KYC and AML are effective anti-money laundering strategies adopted in many jurisdictions all over the world. It is a requirement of anti-money laundering law and policy that money business outfits must both demand and document the “basic customer information”, as a conditio sine qua non, before a business relationship. Drastic regulatory discipline does follow, where otherwise is done. There are Anti-Money Laundering Compliance Officers (AMLCOs) to ensure that things are regularly done, under the relevant extant laws, in the Nigerian legal system for instance.
Situations across cryptocurrency exchanges on the Internet of value, is not different, as customer information documentation prior to transaction plays a pivotal role in the identification process, and thus preventing potential cases of money-laundering, or any other associated crime whatsoever. It most importantly prevents the abuse of financial tools, and rather preserves their both responsive and responsible use.

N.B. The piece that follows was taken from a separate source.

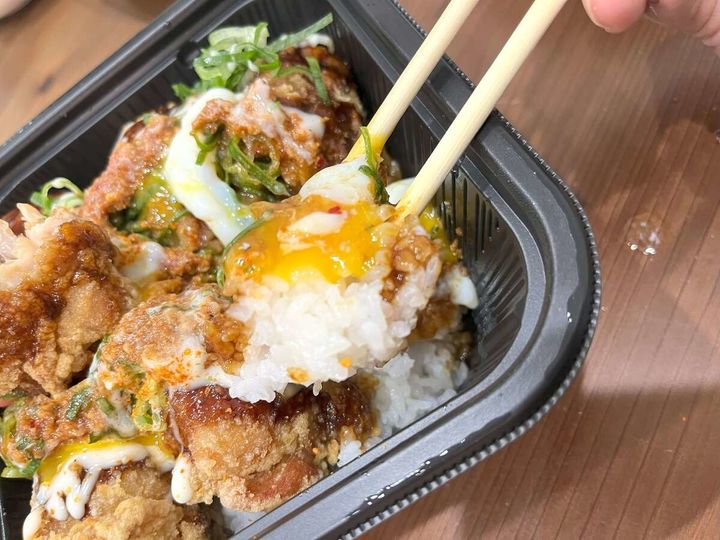 吉野家の「にんにくマシマシから揚げ超特盛丼」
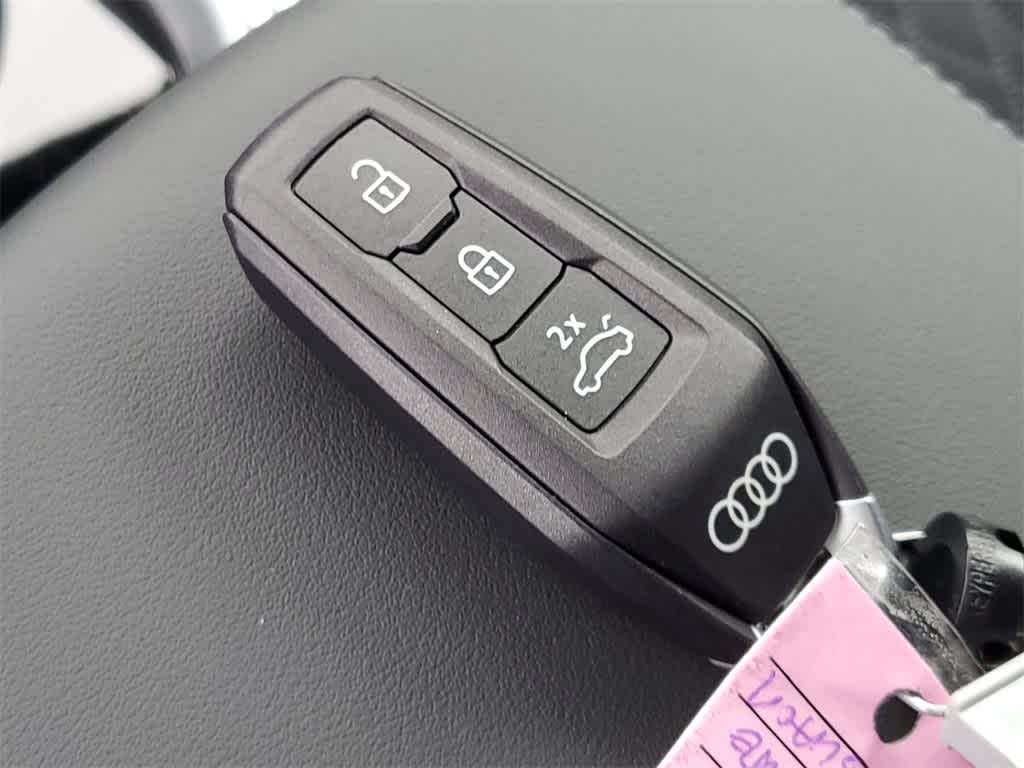 Thumbnail: 2025 Audi SQ5 - 28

Application of taxation principles to cryptocurrency transactions as a control and public policy strategy is faced with certain challenges in various jurisdictions. In United States v. Coinbase, the United States Congress had demanded from the Internal Revenue Service (IRS)–the agency responsible for tax collection and tax law enforcement—both identity and data of customers who transacted with bitcoin on the cryptocurrency exchange, Coinbase. The customers want their anonymity protected by Coinbase. Coinbase refused to hand down its customer transaction records to the IRS to aid its investigation of the potential tax fraud allegation.

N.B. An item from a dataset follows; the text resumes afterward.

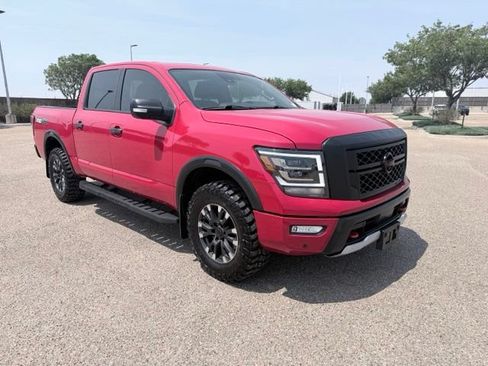 Used 2024 Nissan Titan PRO-4X w/ Pro-4x Convenience Package AWD/4WD image 4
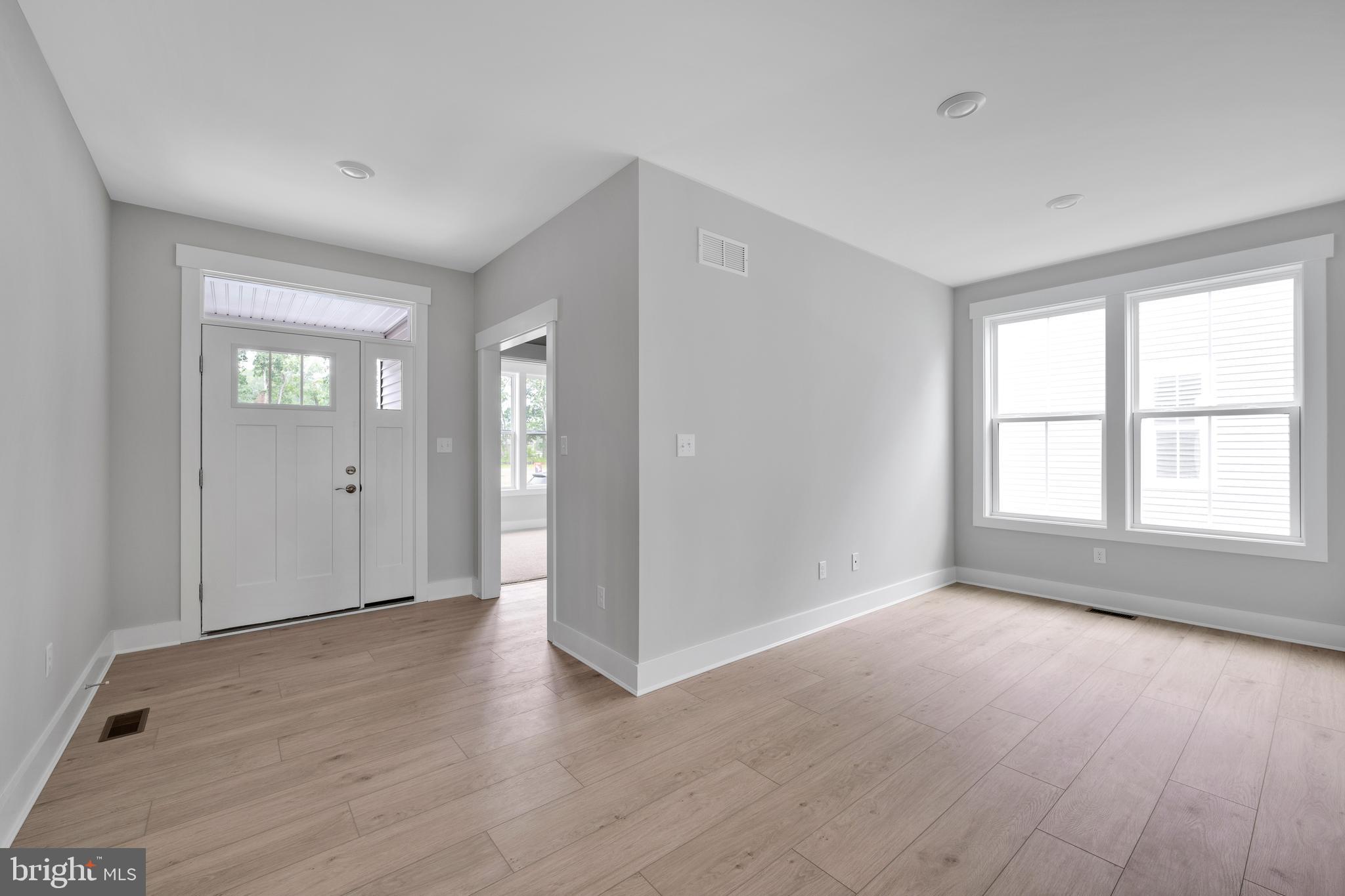 THE KNOLL AT IRONS LANE - Residential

At the summons and ruling hearings, a district court judge ruled that Coinbase complies with the summons from IRS which demands that Coinbase identifies 14,355 customer accounts. These accounts have had almost 9 million recorded transactions, within a period of one year. All these were suspected, unreported bitcoin transactions. According to the US federal tax principles, any bitcoin transaction above $20,000.00 is taxable, and thus, must be reported to the IRS, for tax computation and analysis.
For the purpose of taxation, the European Court of Justice (ECJ), United States and German tax authorities categorise convertible virtual currencies as commodities. Though there is a dearth of regulations in various jurisdictions, for the purpose of regulations; the extant tax principles are applicable to cryptocurrencies, subject to permissible exceptions which may be thrown up, in respect of peculiar circumstances. Even so, the good old tax law principles may apply wholesale.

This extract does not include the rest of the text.